Из-за спины разносится шипящий свист. Так спускает велосипедную шину, когда наскочишь на острый камень. Так выходит воздух из лопнувшего мяча. За моей спиной нет ни мячей, ни велосипедов. Лишь мужчина. Но я не знаю, что означает этот звук касаемо их.
– Мил, – говорит он бесцветным голосом, – Мила, если ты хочешь принять душ, я нашёл для тебя подходящие вещи на смену.
Резко оборачиваюсь, в изумлении переводя взгляд с блестящего хрома, висящего на стене, на хозяина.
– Да, если позволите. Хочется смыть с себя болезни.
Он хмуро кивает и удаляется, оставляя меня одну. Я не понимаю, нужно ли мне дождаться его или я могу уже приступать? Проходит минута, две, пять, но Егора всё нет, и я решаю, что он наконец дал мне некую свободу.
Мне нужна свобода. Потому что от смущения я не знаю, куда себя деть. Сердце отплясывает в груди чечётку. Я настраиваю воду в душе, скидываю одежду, задвигаю шторку.
Какое наслаждение просто стоять под льющейся из-под самого потолка водой! Это вам не в перекошенной баньке поливать себя из ковшика!
Я тянусь рукой до полки, где видела шампунь. Шторка прилипает к мокрому телу, словно вторая кожа, и я сдвигаю её в сторону, торопясь избавиться от неприятных ощущений.
И в этот самый момент, конечно же, открывается дверь, а я натыкаюсь на взгляд карих глаз.
4. Он
Кровь отливает от мозга и резко устремляется вниз. К паху. Пока я осоловевшим взглядом веду по худосочному женскому телу в собственной ванной, обнажённому, манящему и, я даже не сомневаюсь, сладкому, причина моего моментального каменного стояка мучительно медленно задёргивает шторку.
– Вы чего это? – пищит моя маленькая гостья.

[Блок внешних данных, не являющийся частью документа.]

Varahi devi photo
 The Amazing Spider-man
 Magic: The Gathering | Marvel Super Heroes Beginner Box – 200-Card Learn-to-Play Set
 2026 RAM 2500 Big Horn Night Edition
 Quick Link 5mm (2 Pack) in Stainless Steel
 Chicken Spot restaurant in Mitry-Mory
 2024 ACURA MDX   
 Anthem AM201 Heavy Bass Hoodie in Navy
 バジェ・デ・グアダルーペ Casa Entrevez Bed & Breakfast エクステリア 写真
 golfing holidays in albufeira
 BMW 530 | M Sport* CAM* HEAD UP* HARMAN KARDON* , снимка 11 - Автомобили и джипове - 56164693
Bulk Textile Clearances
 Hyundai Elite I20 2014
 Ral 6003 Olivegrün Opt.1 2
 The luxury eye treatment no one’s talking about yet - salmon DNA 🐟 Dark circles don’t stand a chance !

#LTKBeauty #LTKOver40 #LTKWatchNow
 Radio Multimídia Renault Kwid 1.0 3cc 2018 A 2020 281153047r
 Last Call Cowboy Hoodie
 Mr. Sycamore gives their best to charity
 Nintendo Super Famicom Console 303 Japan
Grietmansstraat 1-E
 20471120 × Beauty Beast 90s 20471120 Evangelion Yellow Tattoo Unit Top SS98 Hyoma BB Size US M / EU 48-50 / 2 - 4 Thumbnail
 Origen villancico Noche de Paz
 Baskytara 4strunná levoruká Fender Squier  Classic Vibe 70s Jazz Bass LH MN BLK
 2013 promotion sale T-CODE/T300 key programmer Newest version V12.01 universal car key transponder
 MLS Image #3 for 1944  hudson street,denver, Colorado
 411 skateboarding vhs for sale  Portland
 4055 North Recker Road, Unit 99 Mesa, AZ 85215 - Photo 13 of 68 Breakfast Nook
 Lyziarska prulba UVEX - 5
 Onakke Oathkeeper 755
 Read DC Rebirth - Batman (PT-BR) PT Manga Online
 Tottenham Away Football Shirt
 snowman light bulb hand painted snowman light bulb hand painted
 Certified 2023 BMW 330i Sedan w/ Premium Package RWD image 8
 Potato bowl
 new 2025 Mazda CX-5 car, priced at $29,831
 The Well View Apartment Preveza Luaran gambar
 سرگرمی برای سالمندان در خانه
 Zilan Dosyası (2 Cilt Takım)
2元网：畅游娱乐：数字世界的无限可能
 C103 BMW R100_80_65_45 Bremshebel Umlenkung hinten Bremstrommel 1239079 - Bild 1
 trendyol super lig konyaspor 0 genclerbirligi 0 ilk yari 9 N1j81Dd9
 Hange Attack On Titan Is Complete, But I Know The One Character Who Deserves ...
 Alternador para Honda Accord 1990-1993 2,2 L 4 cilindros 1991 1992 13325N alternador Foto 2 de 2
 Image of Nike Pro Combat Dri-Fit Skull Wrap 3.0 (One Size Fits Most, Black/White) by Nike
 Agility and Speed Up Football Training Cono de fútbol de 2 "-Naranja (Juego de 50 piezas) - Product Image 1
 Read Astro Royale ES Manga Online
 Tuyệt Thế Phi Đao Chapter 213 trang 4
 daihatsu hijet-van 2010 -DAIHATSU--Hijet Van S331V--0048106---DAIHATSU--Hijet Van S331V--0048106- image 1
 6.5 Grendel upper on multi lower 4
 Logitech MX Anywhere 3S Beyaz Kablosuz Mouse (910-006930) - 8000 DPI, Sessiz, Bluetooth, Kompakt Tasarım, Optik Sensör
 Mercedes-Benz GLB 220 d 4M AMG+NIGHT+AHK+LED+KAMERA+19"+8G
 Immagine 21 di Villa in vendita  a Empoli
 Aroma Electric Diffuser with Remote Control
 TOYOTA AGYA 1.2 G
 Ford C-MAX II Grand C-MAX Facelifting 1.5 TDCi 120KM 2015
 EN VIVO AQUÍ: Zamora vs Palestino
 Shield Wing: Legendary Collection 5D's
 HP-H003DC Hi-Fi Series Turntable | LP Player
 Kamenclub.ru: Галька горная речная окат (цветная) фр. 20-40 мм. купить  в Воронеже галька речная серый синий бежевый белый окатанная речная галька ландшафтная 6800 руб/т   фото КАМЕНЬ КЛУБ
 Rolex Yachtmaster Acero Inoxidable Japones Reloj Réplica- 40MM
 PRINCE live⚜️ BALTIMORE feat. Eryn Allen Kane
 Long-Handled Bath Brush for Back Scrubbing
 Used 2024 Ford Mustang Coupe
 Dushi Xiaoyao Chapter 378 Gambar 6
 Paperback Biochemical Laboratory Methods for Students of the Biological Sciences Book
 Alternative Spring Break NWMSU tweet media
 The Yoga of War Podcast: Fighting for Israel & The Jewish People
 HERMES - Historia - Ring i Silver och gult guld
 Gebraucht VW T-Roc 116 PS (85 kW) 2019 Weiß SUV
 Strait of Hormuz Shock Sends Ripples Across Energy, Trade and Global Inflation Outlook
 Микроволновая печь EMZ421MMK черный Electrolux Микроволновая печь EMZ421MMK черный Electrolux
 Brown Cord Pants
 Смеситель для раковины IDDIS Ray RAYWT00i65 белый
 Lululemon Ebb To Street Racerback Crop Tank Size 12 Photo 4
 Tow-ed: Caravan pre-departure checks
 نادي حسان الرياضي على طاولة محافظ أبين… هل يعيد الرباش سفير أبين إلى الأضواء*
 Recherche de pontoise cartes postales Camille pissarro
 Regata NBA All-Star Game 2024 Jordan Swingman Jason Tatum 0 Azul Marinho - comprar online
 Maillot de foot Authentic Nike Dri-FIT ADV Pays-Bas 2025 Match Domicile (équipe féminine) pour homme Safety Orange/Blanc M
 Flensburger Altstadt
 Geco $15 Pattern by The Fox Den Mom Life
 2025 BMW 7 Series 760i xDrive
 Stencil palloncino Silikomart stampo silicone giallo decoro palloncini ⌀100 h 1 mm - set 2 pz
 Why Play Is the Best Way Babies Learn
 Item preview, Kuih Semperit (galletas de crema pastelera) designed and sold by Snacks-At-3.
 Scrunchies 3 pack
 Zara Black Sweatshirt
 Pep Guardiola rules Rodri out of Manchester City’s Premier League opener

Ей почти двадцать. Соберись, Егор!
– Прости, Слава, – бросаю, отворачиваясь к двери. Мне срочно нужен свежий воздух! – Я просто оставлю все эти вещи на крышке унитаза, ладно? Надень, что подойдёт, и выходи, когда закончишь. В общем, сама…
Чёрт! Вроде и не сопливый пацан, а несу какой-то бред, заикаясь и подбирая слова. А перед глазами стоит белёсая кожа груди с острыми камушками сосков цвета пыльной розы.